Information provided below:

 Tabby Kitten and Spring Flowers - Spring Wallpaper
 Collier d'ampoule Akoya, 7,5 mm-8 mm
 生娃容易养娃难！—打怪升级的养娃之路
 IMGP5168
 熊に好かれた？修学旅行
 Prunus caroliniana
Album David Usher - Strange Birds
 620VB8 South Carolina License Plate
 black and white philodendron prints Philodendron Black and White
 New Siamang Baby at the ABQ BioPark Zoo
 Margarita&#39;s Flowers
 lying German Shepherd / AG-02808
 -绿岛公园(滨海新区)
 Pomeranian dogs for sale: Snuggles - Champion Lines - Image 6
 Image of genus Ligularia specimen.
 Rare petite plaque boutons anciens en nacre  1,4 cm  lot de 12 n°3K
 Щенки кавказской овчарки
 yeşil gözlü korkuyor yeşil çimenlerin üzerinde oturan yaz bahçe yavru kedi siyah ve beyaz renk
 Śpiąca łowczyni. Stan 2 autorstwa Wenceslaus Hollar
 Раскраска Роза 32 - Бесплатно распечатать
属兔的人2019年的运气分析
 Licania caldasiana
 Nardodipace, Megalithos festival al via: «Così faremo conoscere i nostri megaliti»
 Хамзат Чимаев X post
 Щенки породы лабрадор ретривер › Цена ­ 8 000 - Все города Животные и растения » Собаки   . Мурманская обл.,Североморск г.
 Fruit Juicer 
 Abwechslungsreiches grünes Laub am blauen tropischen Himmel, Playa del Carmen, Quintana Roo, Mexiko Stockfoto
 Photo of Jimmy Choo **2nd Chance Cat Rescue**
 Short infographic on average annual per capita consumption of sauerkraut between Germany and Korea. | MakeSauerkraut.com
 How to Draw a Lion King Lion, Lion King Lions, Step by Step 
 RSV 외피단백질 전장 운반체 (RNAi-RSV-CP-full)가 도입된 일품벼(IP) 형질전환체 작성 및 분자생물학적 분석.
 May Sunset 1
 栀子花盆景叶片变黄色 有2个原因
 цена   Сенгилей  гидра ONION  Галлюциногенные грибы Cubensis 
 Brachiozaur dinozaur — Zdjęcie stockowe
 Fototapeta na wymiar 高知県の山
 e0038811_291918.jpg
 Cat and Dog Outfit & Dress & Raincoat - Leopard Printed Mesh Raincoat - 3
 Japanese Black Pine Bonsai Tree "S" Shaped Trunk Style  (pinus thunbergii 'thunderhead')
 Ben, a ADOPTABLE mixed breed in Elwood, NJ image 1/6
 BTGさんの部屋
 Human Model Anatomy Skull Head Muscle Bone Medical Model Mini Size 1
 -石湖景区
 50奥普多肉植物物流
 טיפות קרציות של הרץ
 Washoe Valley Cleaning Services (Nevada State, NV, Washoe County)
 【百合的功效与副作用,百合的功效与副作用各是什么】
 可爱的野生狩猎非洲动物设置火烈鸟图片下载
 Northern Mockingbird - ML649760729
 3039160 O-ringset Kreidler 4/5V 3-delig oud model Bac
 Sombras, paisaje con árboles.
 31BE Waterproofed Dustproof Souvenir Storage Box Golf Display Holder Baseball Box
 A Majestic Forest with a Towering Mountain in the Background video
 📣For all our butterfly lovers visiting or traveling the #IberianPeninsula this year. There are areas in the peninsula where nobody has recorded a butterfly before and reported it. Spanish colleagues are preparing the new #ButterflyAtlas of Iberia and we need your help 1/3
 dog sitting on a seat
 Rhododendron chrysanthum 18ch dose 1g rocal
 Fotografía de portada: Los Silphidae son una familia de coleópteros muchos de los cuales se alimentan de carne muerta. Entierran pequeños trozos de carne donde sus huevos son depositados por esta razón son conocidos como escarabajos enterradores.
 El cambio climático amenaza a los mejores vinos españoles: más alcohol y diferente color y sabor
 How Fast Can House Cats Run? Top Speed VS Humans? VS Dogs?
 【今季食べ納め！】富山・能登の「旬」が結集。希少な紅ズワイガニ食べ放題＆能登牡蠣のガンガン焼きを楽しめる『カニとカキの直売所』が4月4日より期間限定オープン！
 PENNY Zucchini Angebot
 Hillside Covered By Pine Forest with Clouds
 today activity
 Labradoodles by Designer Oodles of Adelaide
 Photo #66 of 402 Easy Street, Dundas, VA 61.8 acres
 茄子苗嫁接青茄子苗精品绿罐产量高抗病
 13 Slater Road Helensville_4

End of Information provided.

What you should do:
From the line holding "Short infographic on" to the line holding "茄子苗嫁接青茄子苗精品绿罐产量高抗病", inclusive, restate each line above exactly as written.

Written response:
 Short infographic on average annual per capita consumption of sauerkraut between Germany and Korea. | MakeSauerkraut.com
 How to Draw a Lion King Lion, Lion King Lions, Step by Step 
 RSV 외피단백질 전장 운반체 (RNAi-RSV-CP-full)가 도입된 일품벼(IP) 형질전환체 작성 및 분자생물학적 분석.
 May Sunset 1
 栀子花盆景叶片变黄色 有2个原因
 цена   Сенгилей  гидра ONION  Галлюциногенные грибы Cubensis 
 Brachiozaur dinozaur — Zdjęcie stockowe
 Fototapeta na wymiar 高知県の山
 e0038811_291918.jpg
 Cat and Dog Outfit & Dress & Raincoat - Leopard Printed Mesh Raincoat - 3
 Japanese Black Pine Bonsai Tree "S" Shaped Trunk Style  (pinus thunbergii 'thunderhead')
 Ben, a ADOPTABLE mixed breed in Elwood, NJ image 1/6
 BTGさんの部屋
 Human Model Anatomy Skull Head Muscle Bone Medical Model Mini Size 1
 -石湖景区
 50奥普多肉植物物流
 טיפות קרציות של הרץ
 Washoe Valley Cleaning Services (Nevada State, NV, Washoe County)
 【百合的功效与副作用,百合的功效与副作用各是什么】
 可爱的野生狩猎非洲动物设置火烈鸟图片下载
 Northern Mockingbird - ML649760729
 3039160 O-ringset Kreidler 4/5V 3-delig oud model Bac
 Sombras, paisaje con árboles.
 31BE Waterproofed Dustproof Souvenir Storage Box Golf Display Holder Baseball Box
 A Majestic Forest with a Towering Mountain in the Background video
 📣For all our butterfly lovers visiting or traveling the #IberianPeninsula this year. There are areas in the peninsula where nobody has recorded a butterfly before and reported it. Spanish colleagues are preparing the new #ButterflyAtlas of Iberia and we need your help 1/3
 dog sitting on a seat
 Rhododendron chrysanthum 18ch dose 1g rocal
 Fotografía de portada: Los Silphidae son una familia de coleópteros muchos de los cuales se alimentan de carne muerta. Entierran pequeños trozos de carne donde sus huevos son depositados por esta razón son conocidos como escarabajos enterradores.
 El cambio climático amenaza a los mejores vinos españoles: más alcohol y diferente color y sabor
 How Fast Can House Cats Run? Top Speed VS Humans? VS Dogs?
 【今季食べ納め！】富山・能登の「旬」が結集。希少な紅ズワイガニ食べ放題＆能登牡蠣のガンガン焼きを楽しめる『カニとカキの直売所』が4月4日より期間限定オープン！
 PENNY Zucchini Angebot
 Hillside Covered By Pine Forest with Clouds
 today activity
 Labradoodles by Designer Oodles of Adelaide
 Photo #66 of 402 Easy Street, Dundas, VA 61.8 acres
 茄子苗嫁接青茄子苗精品绿罐产量高抗病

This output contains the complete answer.